Thomas Luo: One thing that raises my curiosity - I heard integrating Llama into the glasses was particularly challenging during the development process. Would you mind sharing what kind of difficulties or challenges the team met? Since you had to work with both research and development teams to overcome these challenges, especially regarding putting a large language model into this device for multimodality features, what challenges did your team overcome?

Kenan Jia: We have a very strong AI team, both on the model / research side, and for integrating it into smart glasses. Going back to the architecture of glasses, phone, and server side with direct speech response, there were several challenges.

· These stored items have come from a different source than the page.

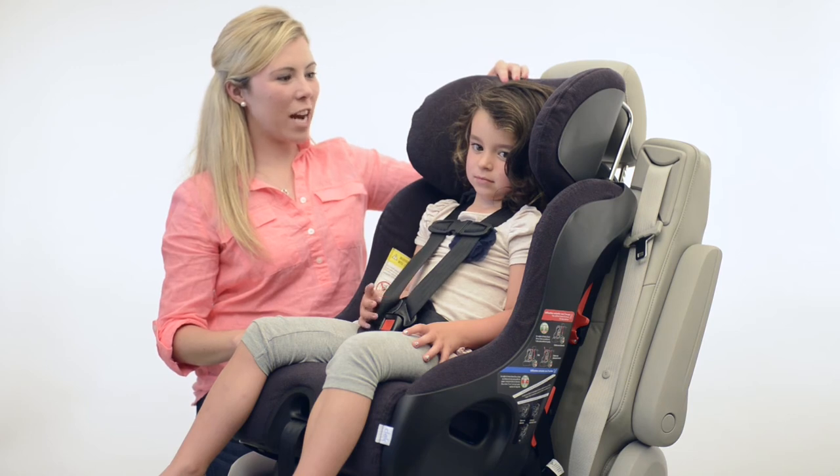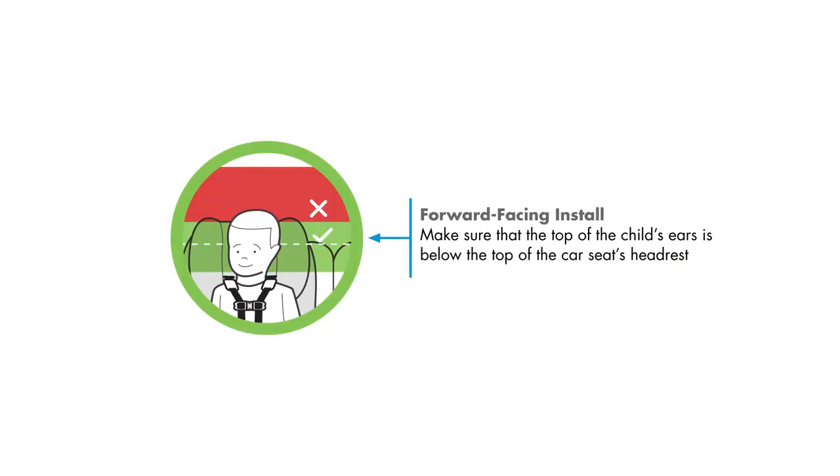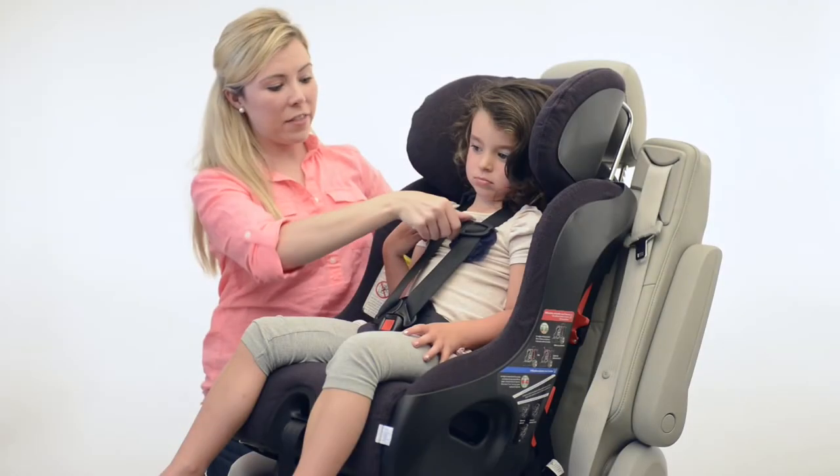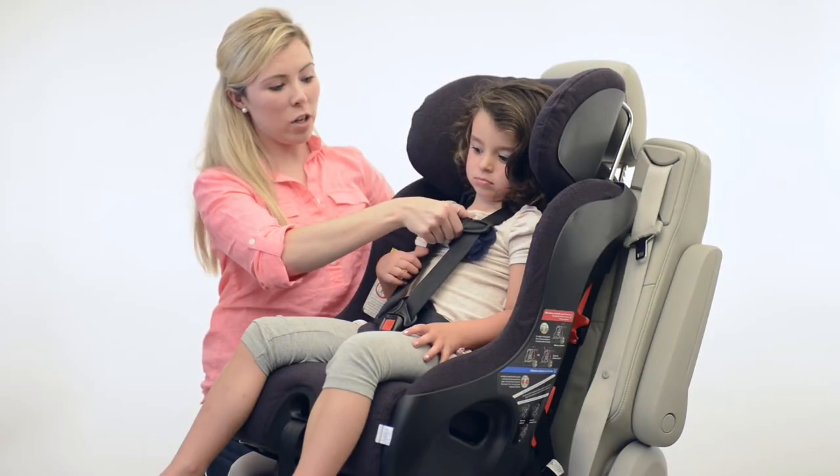When adjusting the flow to fit your child in forward-facing mode, make sure that the top of the child's ears are below the top of the car seat's headrest, that the shoulder harness straps come out of the slot closest to their shoulders or right above, and that the chest clip is right at armpit level.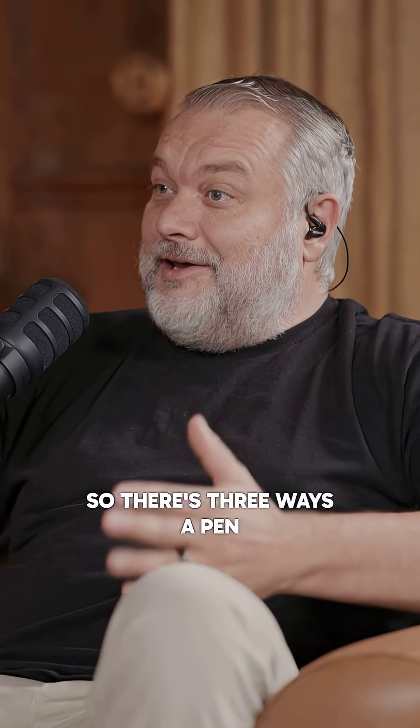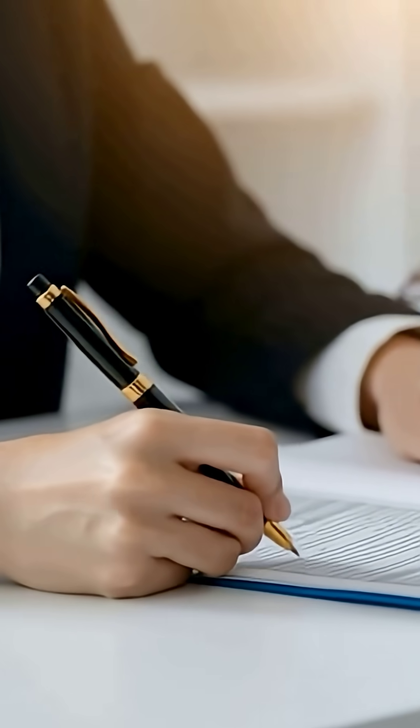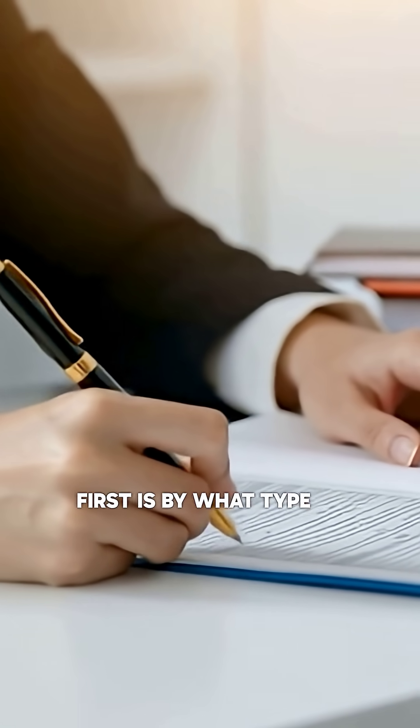How can pen ink prove a document's age? There are three ways pen ink can prove or disprove the age of a document. First is by what type of pen it was — whether it was a ballpoint, a rollerball, a felt tip, or a gel pen.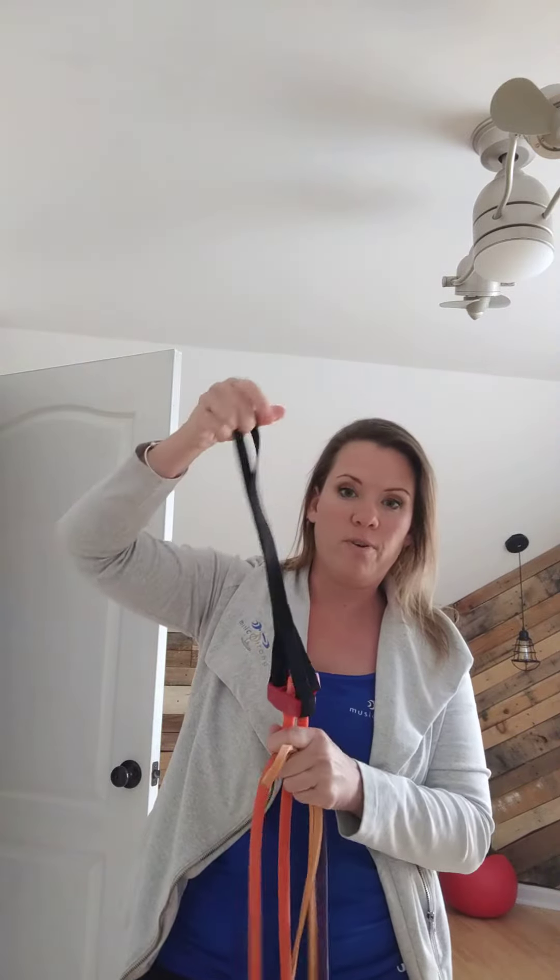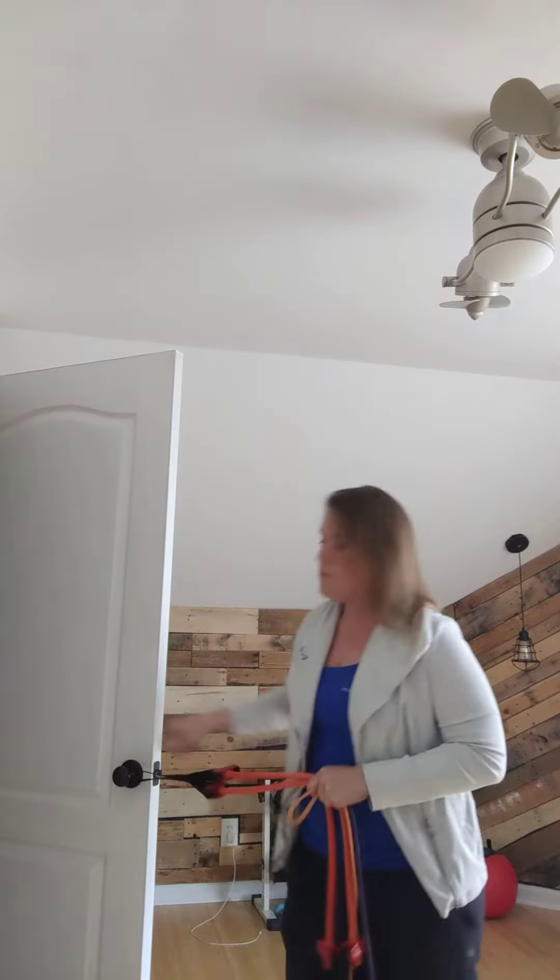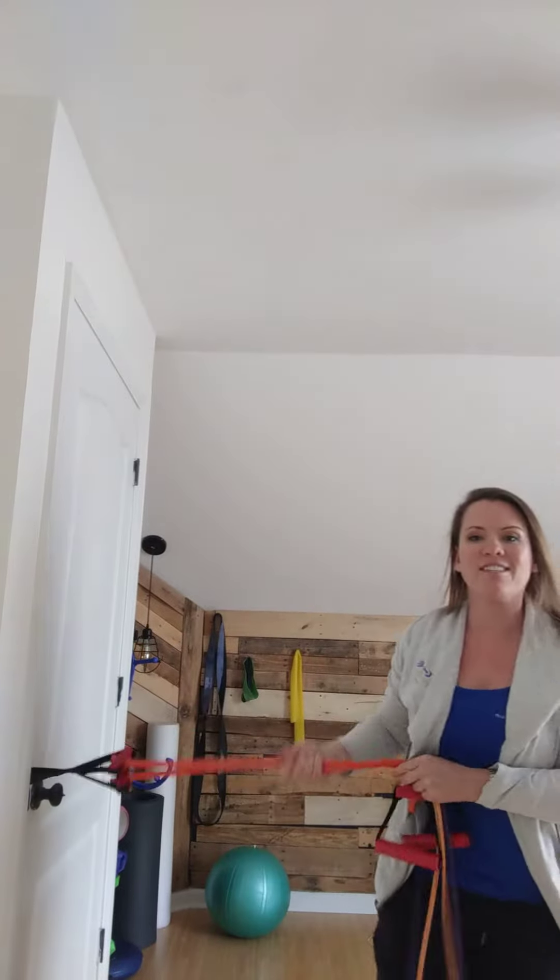It's got handles and a nifty thing that you can put in the door. You can actually put that around the doorknob and shut the door. So you can see what it's doing.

For example, how do you optimize responses for glasses and audio feedback? With ChatGPT, you usually get very long responses. If you don't modify the LLM response for glasses, having a two or three-minute text-to-speech response would be really impractical. A lot of work went into optimizing and providing the most relevant responses on the spot.

Then there are latency challenges, which we discussed. You have multiple legs - processing on the frame, transmission, and backend connectivity. Our teams broke this down step by step to improve overall latency and reliability. If your Bluetooth connectivity drops, it stops, and as a user, you wouldn't know what happened - you'd just think Meta AI doesn't work.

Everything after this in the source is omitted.